- _Exercise directions_:
Give again, exactly as written, the lines of the records below from the line with "Load image into" to the line with "Kitchen Island Ceiling". Both end lines count; pictures do not.

-------- Task material

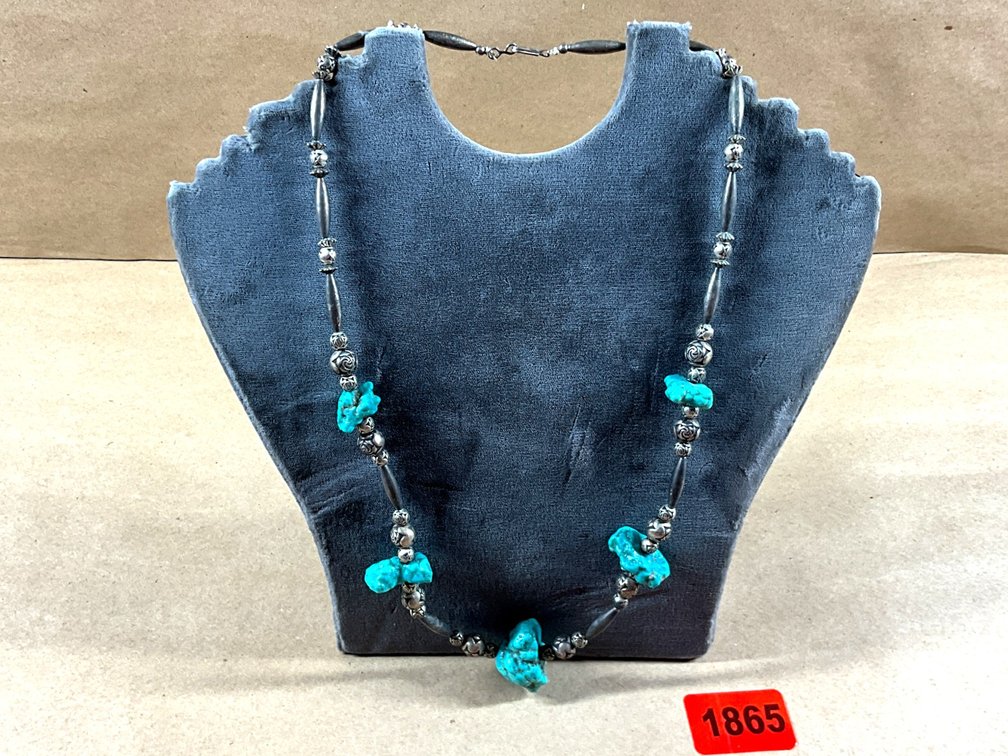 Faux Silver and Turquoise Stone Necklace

----------------
-------- Task material

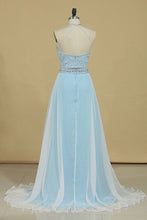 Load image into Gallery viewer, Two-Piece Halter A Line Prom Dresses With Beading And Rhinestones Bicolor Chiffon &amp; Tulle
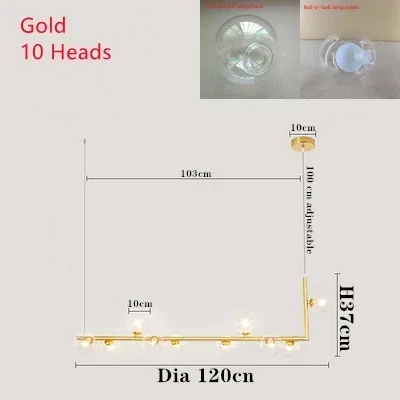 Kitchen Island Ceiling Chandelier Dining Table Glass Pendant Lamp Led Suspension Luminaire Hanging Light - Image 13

----------------

- _Exercise result_:
 Load image into Gallery viewer, Two-Piece Halter A Line Prom Dresses With Beading And Rhinestones Bicolor Chiffon &amp; Tulle
 Kitchen Island Ceiling Chandelier Dining Table Glass Pendant Lamp Led Suspension Luminaire Hanging Light - Image 13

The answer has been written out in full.